“Business as usual approaches won’t work,” said Deputy Secretary-General Amina Mohammed at the 2018 ECOSOC [Economic and Social Council] Partnership Forum, an annual event promoting inclusive societies, including through innovative business models and mobilizing big data for public good.
“We need action – and bold action – to build an inclusive, resilient and sustainable future that leaves no one behind,” she continued.
Ms. Mohammed shared a snapshot of today’s world, pointing out that more than eight per cent of the population lives in poverty; 192 million are unemployed; and young people are three times more likely to be jobless.
“Their voices in many places are stifled and leading to a greater sense of disenfranchisement and disillusionment,” she underscored.
Calling the private sector “an indispensable partner,” Ms. Mohammed stressed the need to work together “to reduce inequalities, end discrimination, empower people and promote the social, economic and political inclusion of all.”
Partnering with the private sector is essential to pursue common goals and to align their business models with the 2030 Agenda.
“Sustainable business makes business sense,” she continued. “Better engagement with the private sector requires an enabling policy environment and dialogue mechanisms that encourage firms to do business in a way that works for global good, and for the bottom line.”
She said that both the Organization and the private sector need to step up efforts and scale up partnerships to generate results that would “reach the furthest communities and villages.”
“Our ambition is nothing less than ensuring that all human beings can fulfil their potential in dignity and equality and in a healthy environment,” she underscored.
A win-win partnership
Opening the annual forum, Marie Chatardová, ECOSOC President, pointed out that inclusive development models and combatting inequality was critical to achieving the SDGs, which aim to wipe out poverty and boost equality by putting the world on a more sustainable economic, social and environmental path by 2030.
“It also requires building the resilience of societies, communities and people to cope with shocks – be it natural disasters, economic shocks, conflicts or others,” she said. “To do so, we must reach out to ‘those furthest behind first,’ including women, youth, indigenous peoples and persons living with disabilities.”
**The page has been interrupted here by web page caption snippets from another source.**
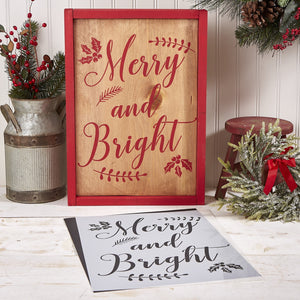 Merry and Bright reusable stencil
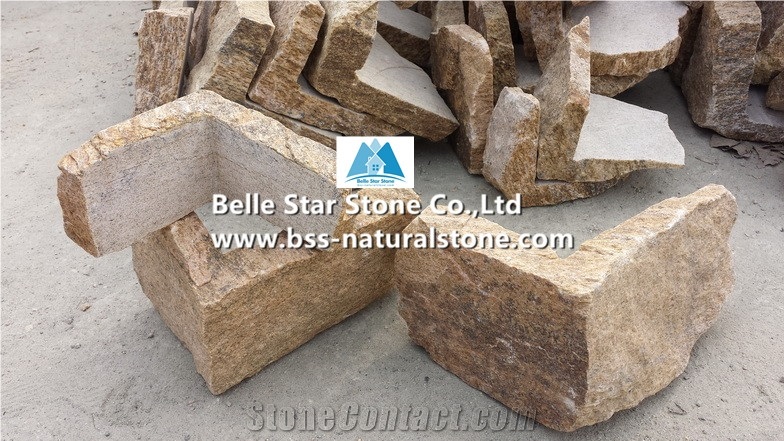 Golden Yellow Quartzite Fieldstone,Quartzite Thin Ledgestone,Real Field Stone Veneer,Yellow Loose Veneer,Natural Loose Stone,Loose Ledgestone,Yellow L Corner Stone,Yellow Quoins,Landscaping Stones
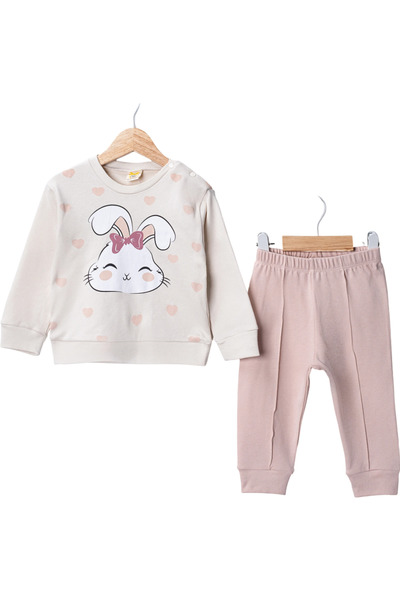 air baby Baby Girl Seasonal 2-Piece Set Rabbit Printed Long Sleeve Cotton Com...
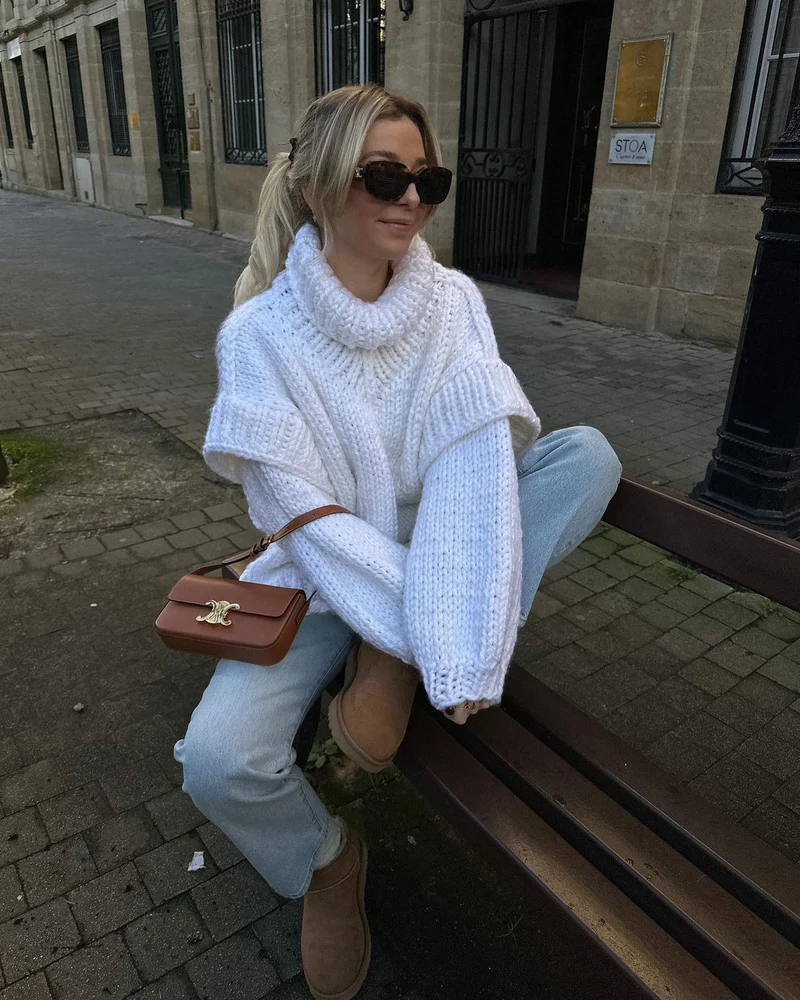 Damen Oversize Grobstrickpullover mit hohem Rollkragen Nord Taschen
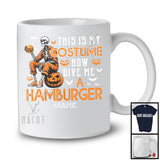 Personalized Custom Name This Is My Costume Give Me A Hamburger; Horror Halloween Skeleton; Food T-Shirt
Citing research by the Business and Sustainable Development Commission, she argued that sustainable business models could unlock economic opportunities “worth up to $12 trillion and increase employment by up to 380 million jobs by 2030.”
“The study also shows the majority of companies are already aware that investing in sustainable development goals is a ‘win-win partnership,’” she stressed.
Ms. Chatardová said the private sector can contribute to more inclusive value chains, diversity policies – including marginalized groups in decision-making processes.
“I would also like to take the opportunity to challenge the business leaders present here today to consider making bold commitments to act and invest towards co-designing a more inclusive future for all,” she concluded.
This forum will contribute important elements to a special ECOSOC meeting York in May, which will inform discussions at the High-level Political Forum on Sustainable Development in July 2018.